Some experienced in writing have made the cliché hunt easier by providing lists.
A few people are still on the cliché-side, though. The Review Review sees a place for them. “Normal people talk in clichés. Your characters probably talk in clichés. That’s, well, normal,’ it said.
“Clichés in internal monologue are okay too, but don’t overdo it.
Writer Dell Smith says: “I use “clichés as placeholders when I write a first or second draft. While tapping the emotion of the moment I may not know the perfect words to use. Later, I’ll come back with more objective eyes and manhandle these words down to their core meaning.”
A reprieve for my slice bread friend?
Maybe not, it has another problem. It contains bread. Nutritionists have people considering whether factory bread slicing can fall under the ‘best thing’ category. Slicing white bread? If this bread is not the best thing for healthy living then factory slicing which increases its convenience may not be good. Oh dear! My slice bread friend is between a rock and a hard place (gotcha).

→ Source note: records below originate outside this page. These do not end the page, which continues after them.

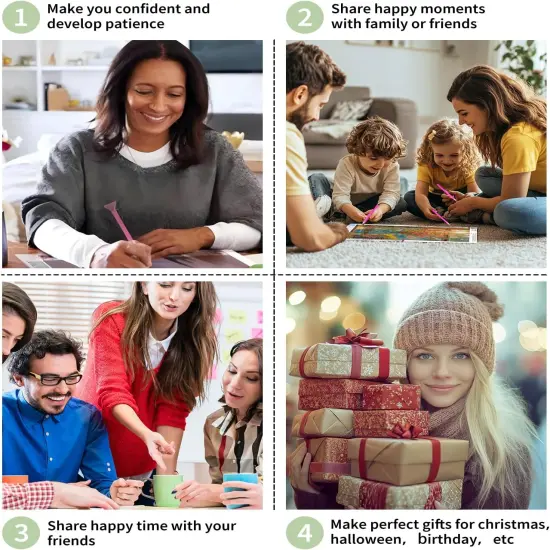 Flower Diamond Art Kits for Adults, DIY 5D Diamond Painting Kits , 12x16inch {5}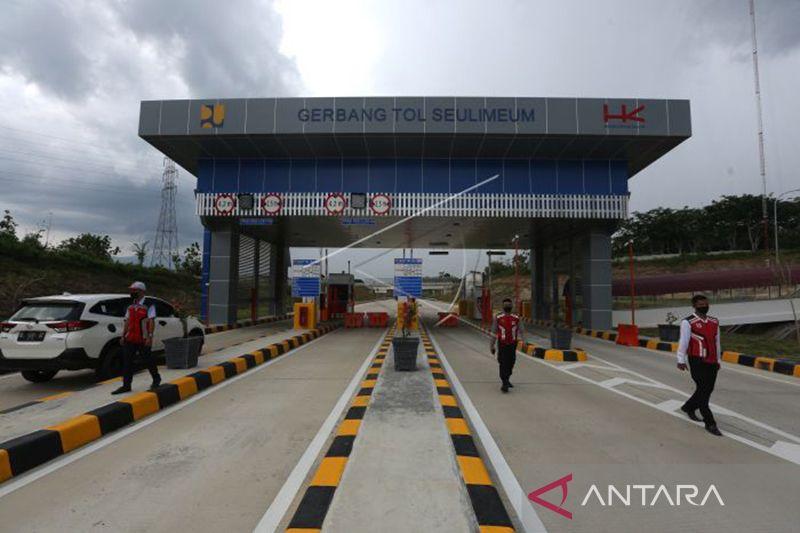 Asik, selama Libur Lebaran Tol Sibanceh Seksi 2 Gratis!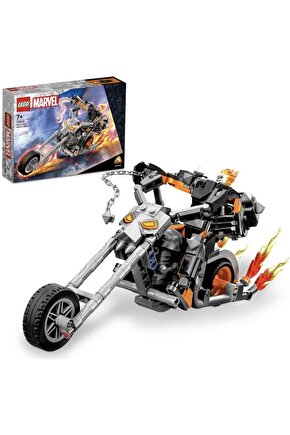 ® Marvel Ghost Rider Robotu ve Motosikleti 76245 - 7 Yaş ve Üzeri için Yapım Seti (264 Parça)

Not all bread types are health risks, among those favoured are 100 per cent whole grain, rye, pumpernickel and cassava bread. In addition, eating a uniform portion, such as a factory-cut slice, is better than having to hand slice resulting in a large chunk on your plate. Factory slicing may therefore be helpful and with healthy bread, better, so we have preserved some of the value of the sliced bread and keep that cliché on the plateau. If fact, we may be able to say without causing raised eyebrows that this article is the ‘best thing since sliced bread’ that the writer was ‘thinking outside the box”. Ha ha!!
What do you think?
Let us now praise… the cliché (boston.com)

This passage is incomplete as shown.